■ **Exercise details**: Leave out the images and set down the records below exactly.

■ **Data extract**:
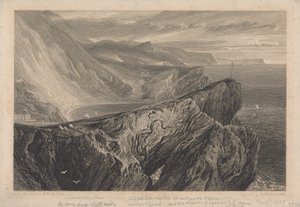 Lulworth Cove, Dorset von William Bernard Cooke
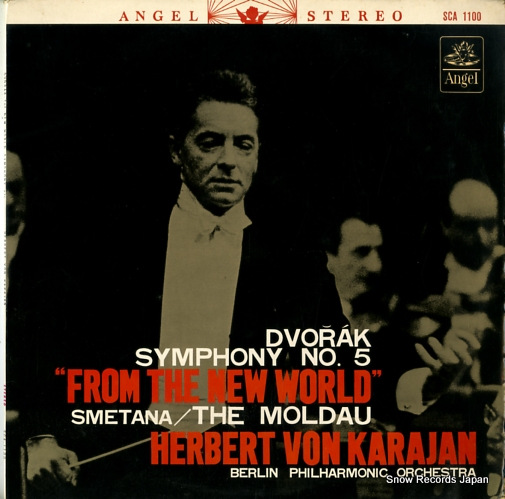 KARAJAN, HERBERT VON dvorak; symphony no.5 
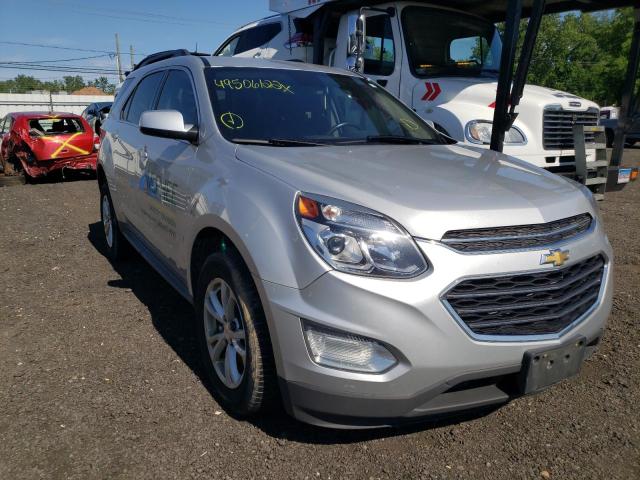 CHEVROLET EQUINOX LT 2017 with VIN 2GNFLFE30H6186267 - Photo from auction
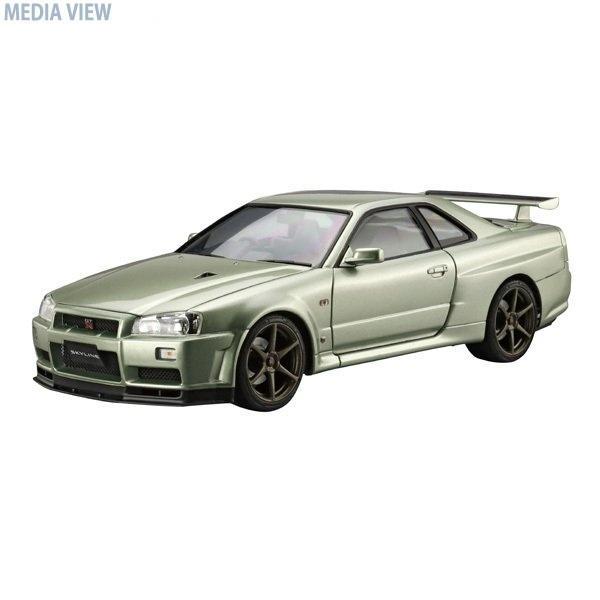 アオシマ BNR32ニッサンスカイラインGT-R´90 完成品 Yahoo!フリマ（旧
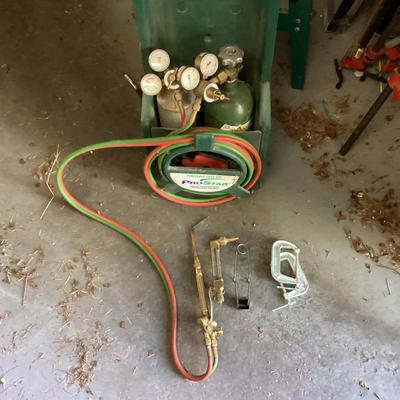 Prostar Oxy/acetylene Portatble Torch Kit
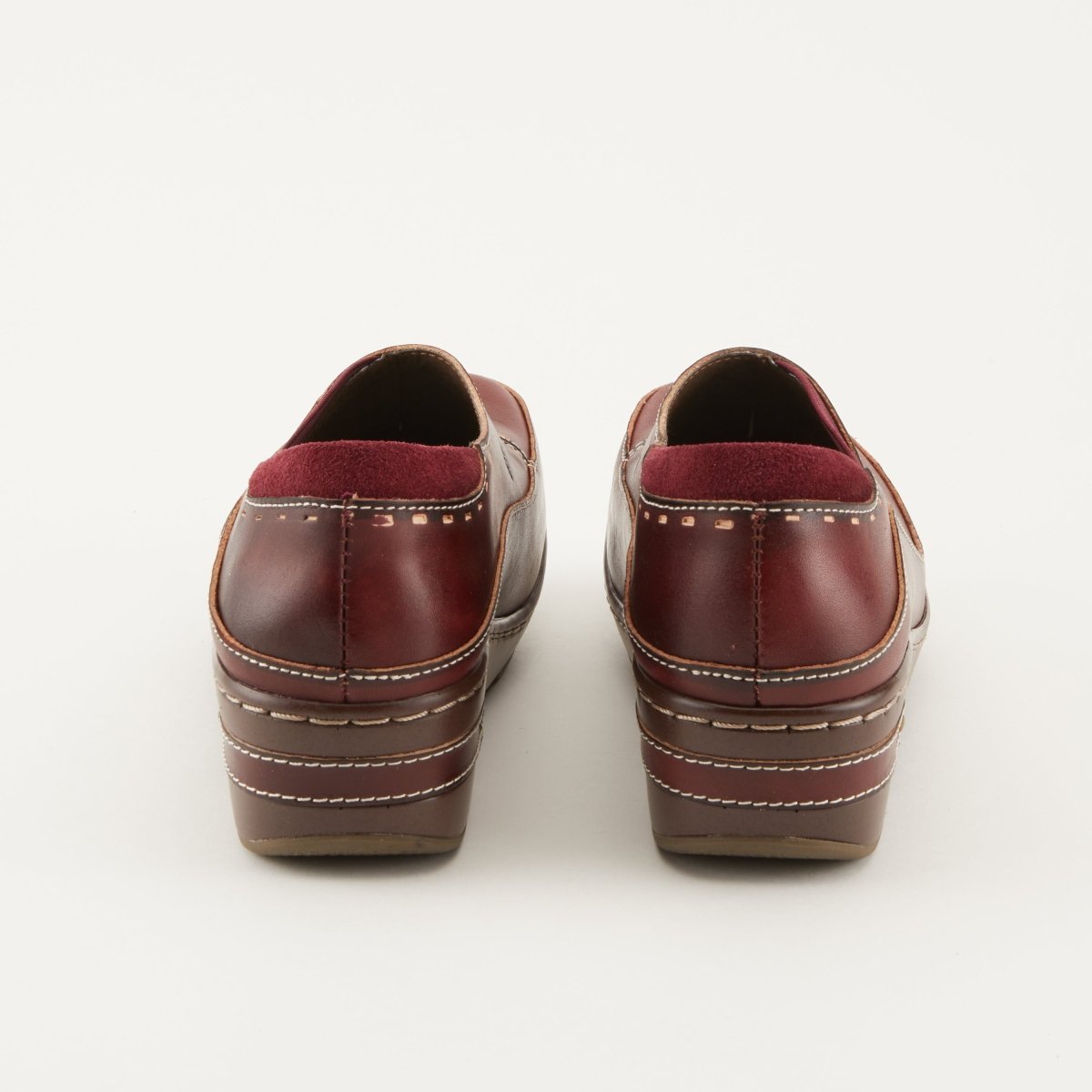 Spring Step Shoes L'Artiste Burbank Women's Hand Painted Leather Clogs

■ **Solution**:
 Lulworth Cove, Dorset von William Bernard Cooke
 KARAJAN, HERBERT VON dvorak; symphony no.5 
 CHEVROLET EQUINOX LT 2017 with VIN 2GNFLFE30H6186267 - Photo from auction
 アオシマ BNR32ニッサンスカイラインGT-R´90 完成品 Yahoo!フリマ（旧
 Prostar Oxy/acetylene Portatble Torch Kit
 Spring Step Shoes L'Artiste Burbank Women's Hand Painted Leather Clogs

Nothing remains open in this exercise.